■ **Records provided**:
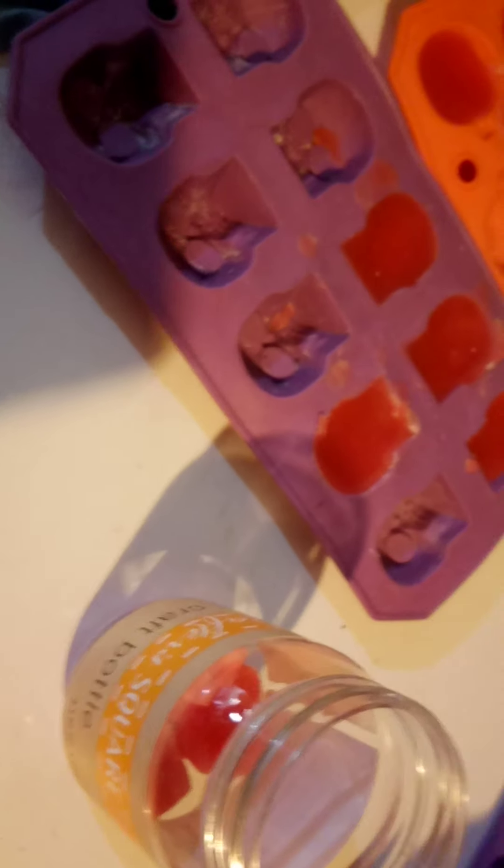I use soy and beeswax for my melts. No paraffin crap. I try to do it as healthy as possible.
---
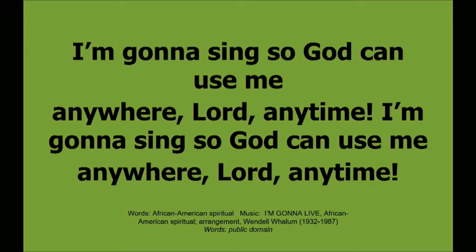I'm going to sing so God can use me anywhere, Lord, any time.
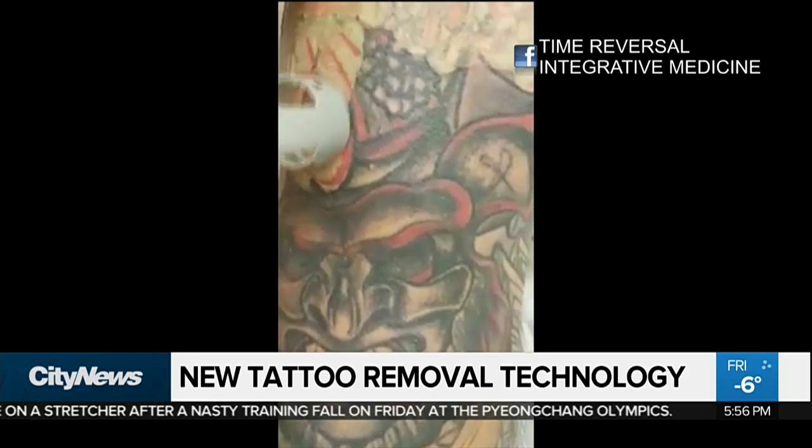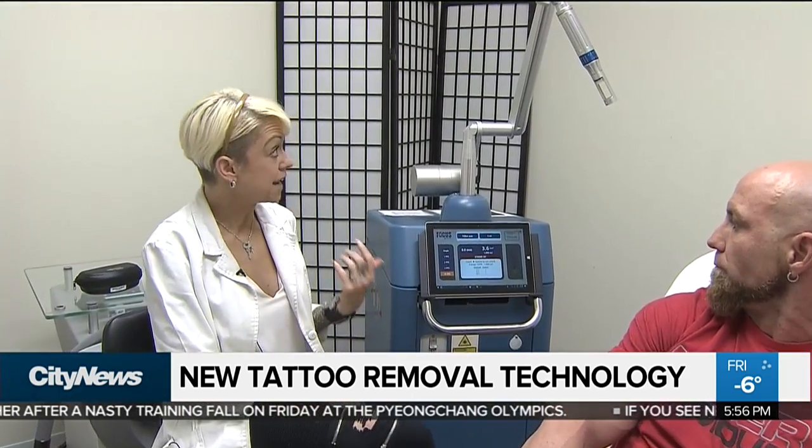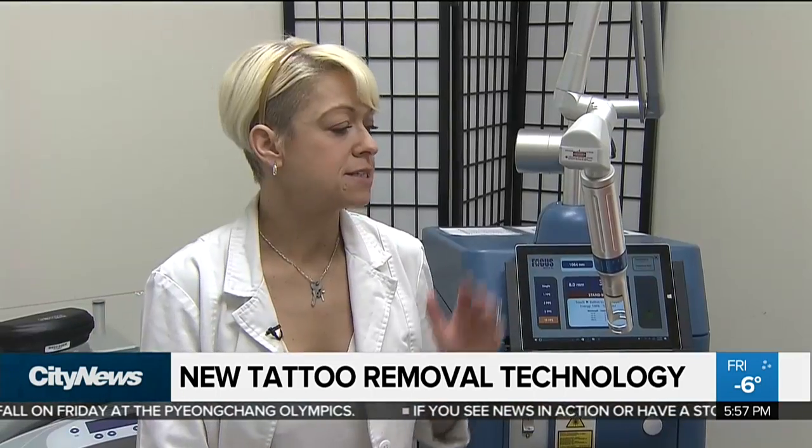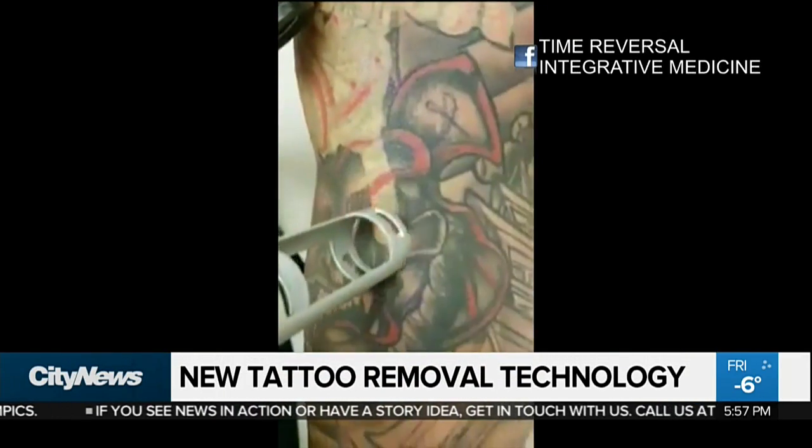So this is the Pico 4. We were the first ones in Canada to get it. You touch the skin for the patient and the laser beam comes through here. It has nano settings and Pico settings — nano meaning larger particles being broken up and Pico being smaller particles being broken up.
...
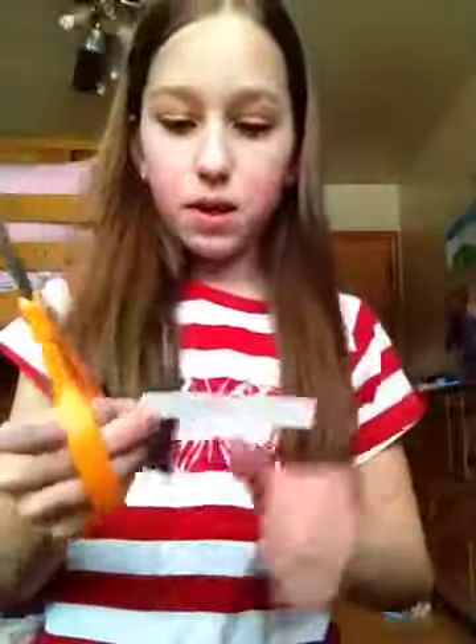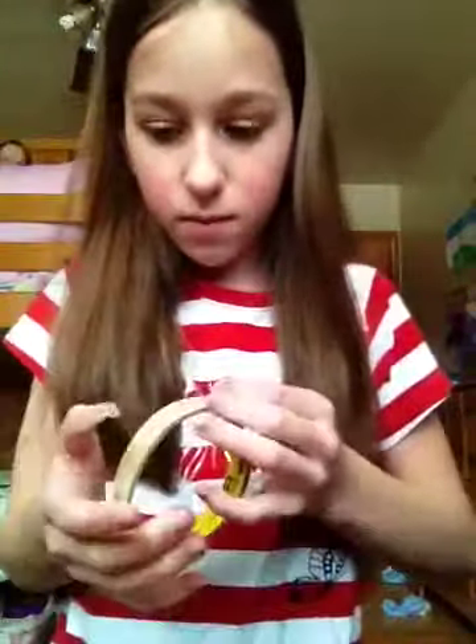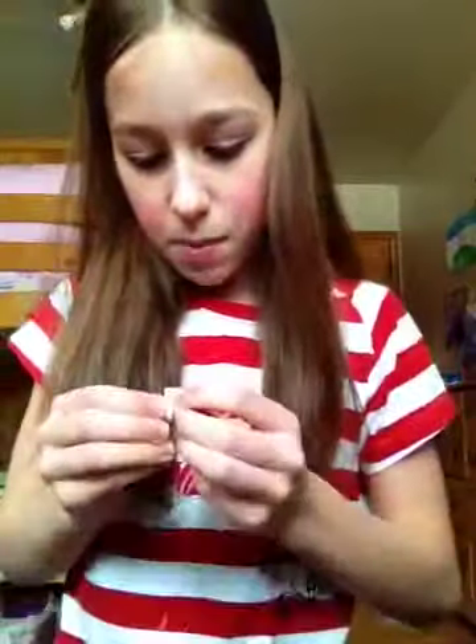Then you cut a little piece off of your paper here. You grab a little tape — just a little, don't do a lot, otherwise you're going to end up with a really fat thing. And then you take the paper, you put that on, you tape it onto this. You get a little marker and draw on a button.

■ **Assignment**:
Copy out the lines above from the line containing "I'm going to" through the line containing "So this is the", exactly, and keep the pictures out.

■ **Response below**:
I'm going to sing so God can use me anywhere, Lord, any time.
So this is the Pico 4. We were the first ones in Canada to get it. You touch the skin for the patient and the laser beam comes through here. It has nano settings and Pico settings — nano meaning larger particles being broken up and Pico being smaller particles being broken up.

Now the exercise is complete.